A tan solo 100 metros de la meta, fallé el lanzamiento de la jabalina. El castigo: 30 burpees. En ese momento, el cansancio acumulado de 21 km, más de 1000 metros de desnivel y 30 obstáculos hacen que ese castigo sea una auténtica odisea. Pero la ventaja que había sacado me permitió acabarlos sin tener la presión del segundo.

Ya quedaban sólo dos obstáculos y la cortina de fuego. Afortunadamente, ya estaba lo suficientemente cerca de la meta como para sentir que la victoria estaba al alcance. Salté las brasas finales, y crucé la meta en primera posición.

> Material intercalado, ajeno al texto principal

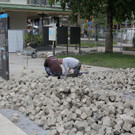 IMG_8884.JPG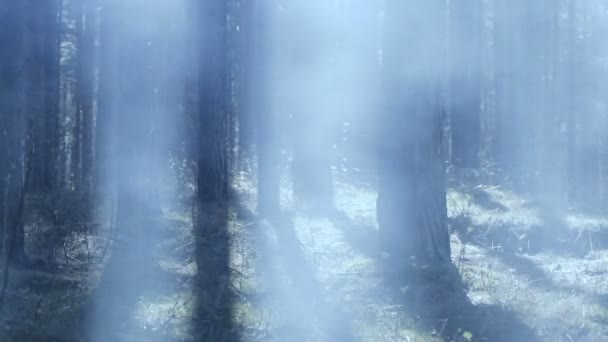 Fumée dans la forêt avec éclairage bleu . — Video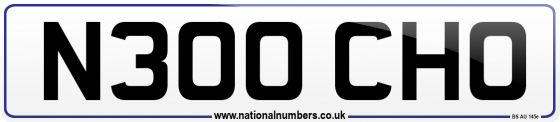 N300 CHO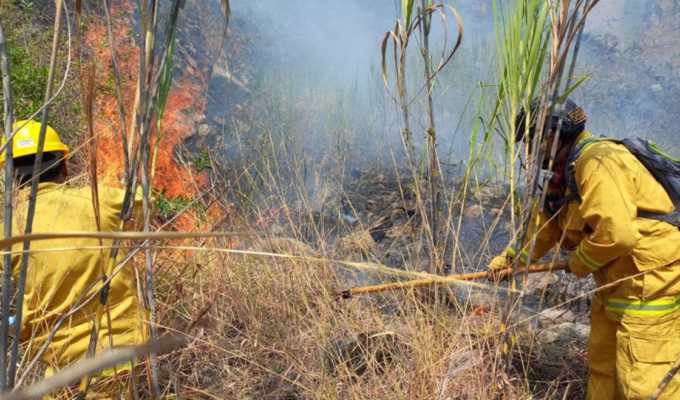 Cusco: incendio forestal afecta sector de Pacaymayo Bajo dentro del parque de Machu Picchu
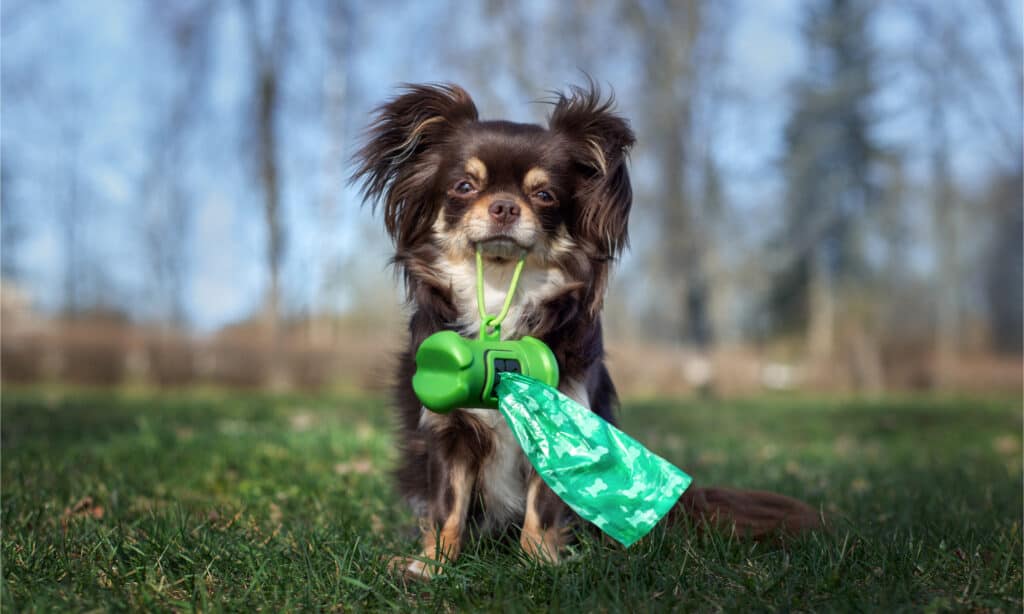 Are Dogs Allowed In Sam's Club? 6 Important Rules to Know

¿Lo primero que hice? Coger el móvil y decírselo a mis más cercanos: "¡He ganado! ¡Primero! ¡No me lo puedo ni creer! ¡He ganado!"

En ese momento, me vino a la mente todo lo vivido. La frustración, la impotencia, la rabia que se siente cuando todo el trabajo y sacrificio se traducen en abandonar una carrera. Detrás de estas competiciones hay muchísimo esfuerzo y sacrificio que van mucho más allá de lo físico. Y cuando todo eso se va al traste con un abandono, cuesta muchísimo entenderlo. Recordé lo que me costó volver a ponerme en la línea de salida de una competición tan exigente, lo hice de manera algo impulsiva, con el miedo de volver a abandonar por segunda vez.

Pero había alguien que lo tenía claro. Al volver a mirar la conversación, leo el mensaje que me mandó mi mujer antes de salir: "Avísame cuando ganes".